Les partis nationalistes sindhis indiquent que cette loi défend un objectif politique – venir en aide au Muttahida Quami Movement (MQM – le quatrième parti le plus important et un des principaux alliés du PPP), qui a le soutien des Sindhis qui vivent dans les zones urbaines.
Un comité composé de représentants élus du parlement régional appartenant au PPP et au MQM a pour objectif de transférer le pouvoir et les ressources du gouvernement provincial à des autorités de niveau inférieur.
« Le concept n’est pas nouveau au Pakistan ; la décentralisation est un phénomène général qui garantit une fourniture plus efficace et efficiente des services », a dit Mustafa Kamal, qui a été maire de Karachi de 2005 à 2010.
La SPLGO transfère une grande partie des services – y compris l’éducation, la santé, l’eau, l’entretien des routes, les égouts et l’hygiène, les services des incendies, les parcs et les terrains de jeu, la culture et le sport, et les services de proximité aux autorités des villes, districts, municipalités ou même « tehsil » (plus petit qu’une commune) – du niveau provincial aux niveaux inférieurs.
La loi prévoit la création de nouvelles « municipalités métropolitaines » à Karachi, Sukkur, Hyderabad, Larkana, Mirpurkhas et Khairpur. (Auparavant, seules les villes de Karachi et d’Hyderabad jouissaient de ce statut). Les autres régions du Sindh dépendent de 25 conseils de district.
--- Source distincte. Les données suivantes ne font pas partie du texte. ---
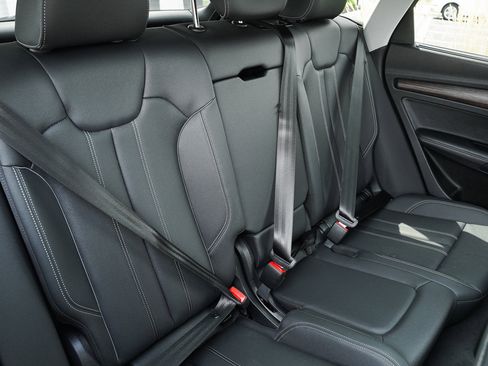 Certified 2021 Audi Q5 Prestige w/ Prestige Package image 20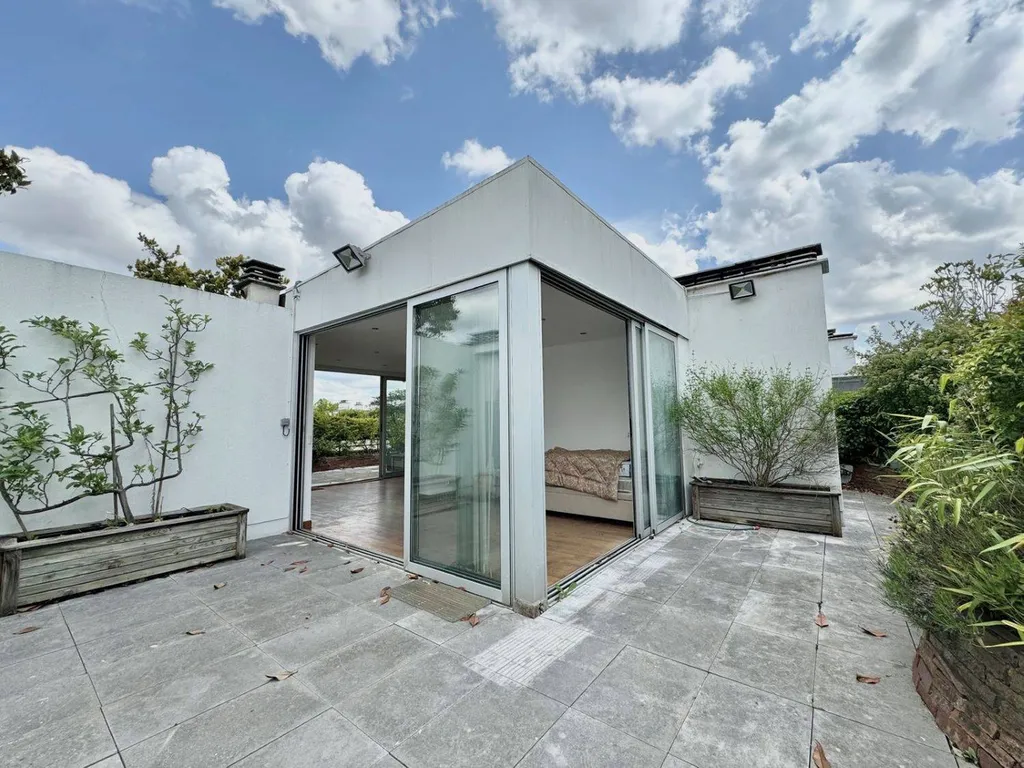 A vendre 4 pièces en dernier étage avec terrasse - Bois de Boulogne Neuilly sur Seine 92200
Pourquoi les nationalistes sindhis s’inquiètent-ils ?
Les nationales sindhis craignent notamment que le système des municipalités métropolitaines et des conseils de district n’entraîne une division de la province en deux.
Principaux partis nationalistes sindhis opposés à la SPLGO |
Awami Tehreek |
Sindh Bachao Committee (Committee to protect Sindh) |
Sindhi Nationalist Party |
Sindh Tarrqi (Progressive) Pasand Party |
Sindh United Party |
Jeaye Sindh Taraqi Pasand Party |
Jeaye Sindh Tehreek |
Jeaye Sindh Qaumi Mahaz |
Sindh Dost Rabita Council |
La nouvelle opposition de l’Assemblée provinciale, qui compte 18 membres sur un total de 167, craint que la loi ne divise les habitants qui parlent sindhi et les habitants qui parlent ourdou.
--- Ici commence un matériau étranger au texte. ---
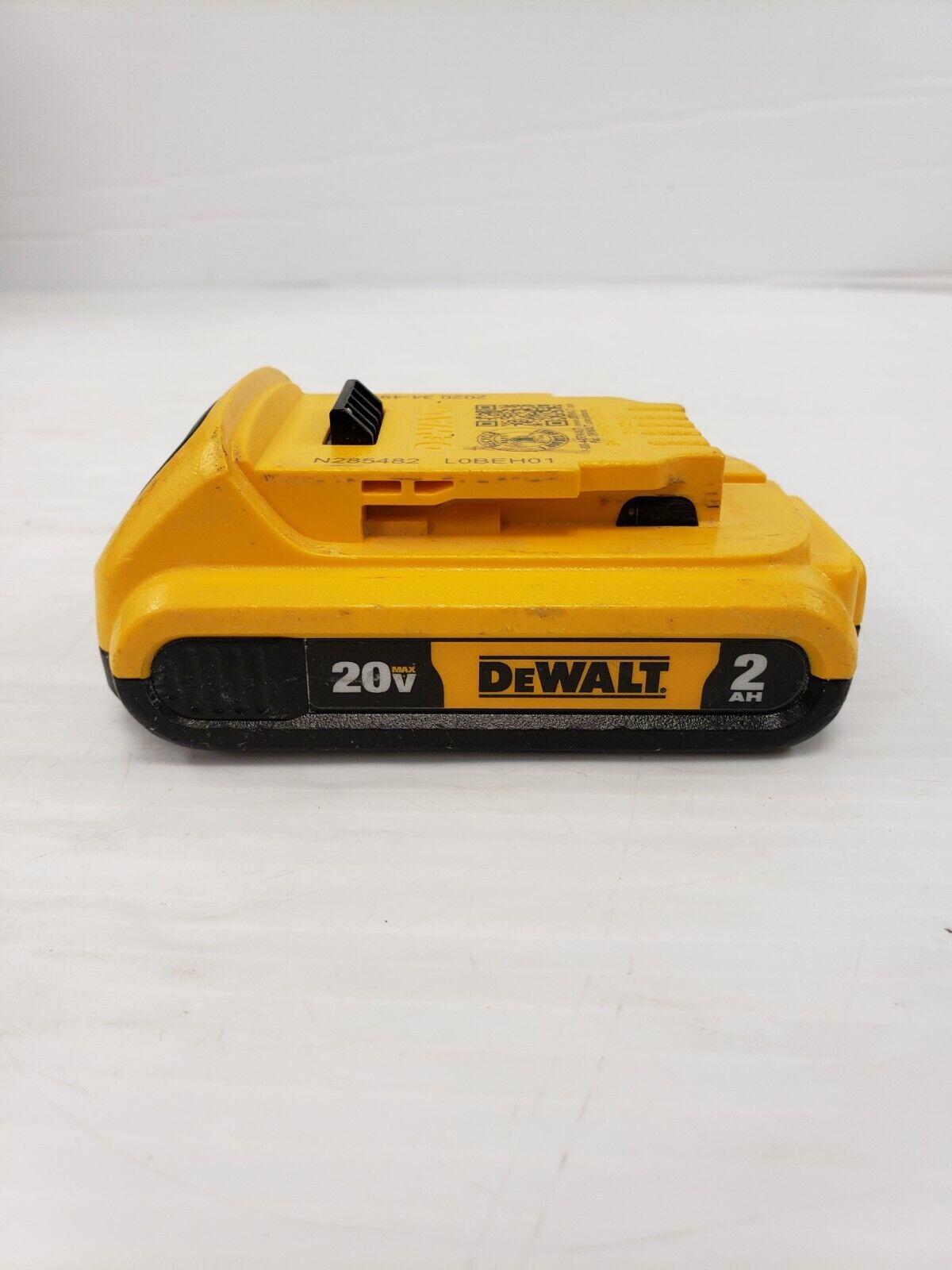 DEWALT DCB203 20V MAX Lithium-Ion Battery 2.0Ah Replacement for Power Tools - Compatible with Drills, Saws, Flashlights & More DIY/Construction Projects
Les nationalistes sindhis se méfient de cette nouvelle loi : « Nous ne comprenons pas les critères qui permettent de déclarer qu’une ville est une métropole », a dit Qadir Magsi, un médecin qui dirige le Jeaye Sindh Taraqi Pasand Party (STPP), un des principaux partis nationalistes sindhis.
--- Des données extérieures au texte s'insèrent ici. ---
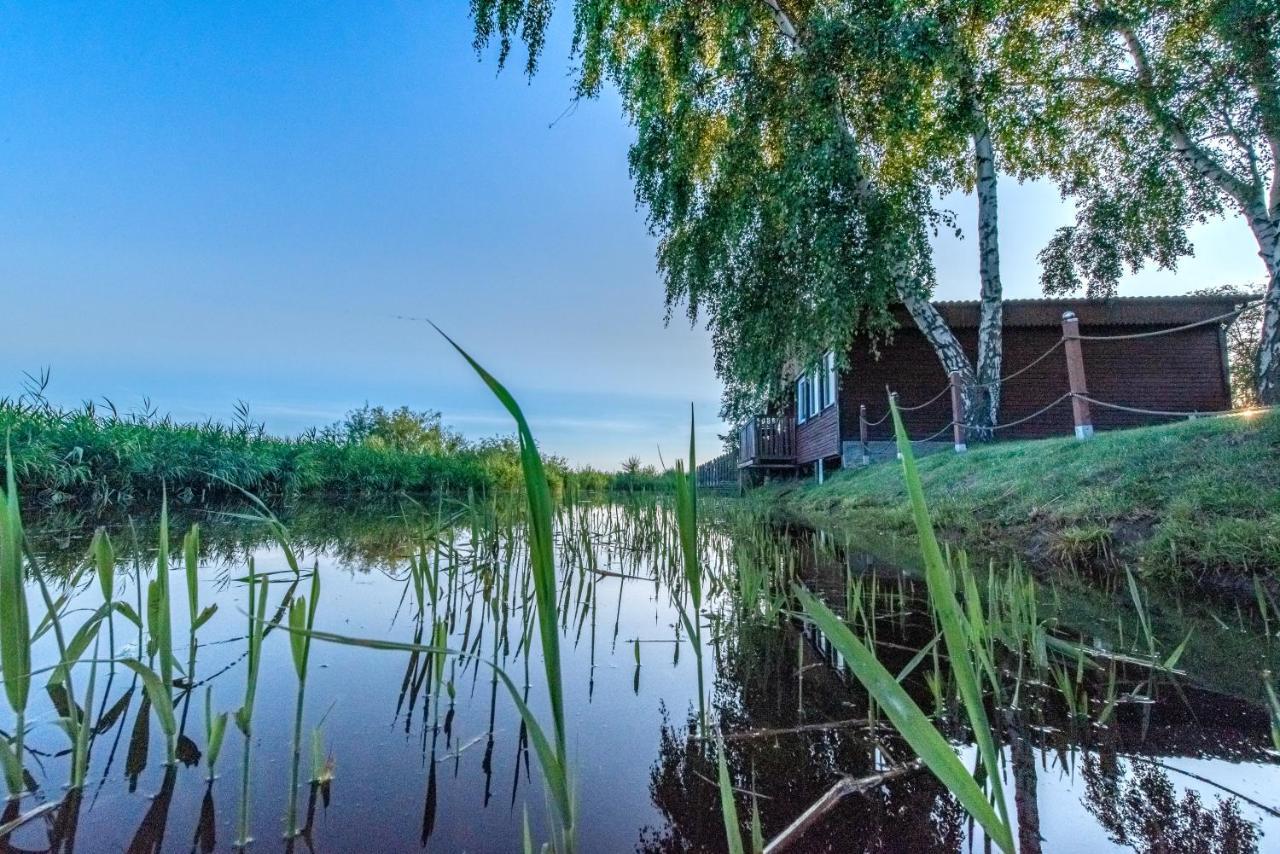 Stanica Wodna Hotel Dzwirzyno Exterior photo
« On ne sait pas vraiment si le niveau d’urbanisation ou la taille de la population ont été pris en compte », a dit M. Magsi, qui s’interroge aussi sur le nouveau statut de Khairpur, la ville natale du ministre en chef Qaim Ali Shah.
D’autres nationalistes s’interrogent sur le redécoupage des frontières de la ville de Karachi, qui, selon eux, favoriserait le MQM, le parti urbain rival des partis nationalistes ruraux.
« La division de Karachi témoigne d’un certain sectarisme et elle a pour objectif que les Sindhis et les Baloutches soient moins nombreux dans la circonscription électorale », a dit Zamir Ghumro, qui dirige l’alliance des partis nationales sindhis baptisée Sindh Dost Rabbita Council.
« Il s’agit de toute évidence d’un complot visant à séparer les Sindh urbains et ruraux, et nous le tolérerons pas », a dit M. Ghumro.
Cependant, l’un des rédacteurs de la loi d’origine, qui officiait sous l’ère Musharraf, exprime son désaccord. « Le système municipal dans la province est presque le même, presque identique, et il n’y a pas de dualité dans la nouvelle loi », a dit Daniyal Aziz, un technocrate qui a présidé le Bureau de reconstruction nationale sous le régime de M. Musharraf et un fervent partisan de l’administration locale.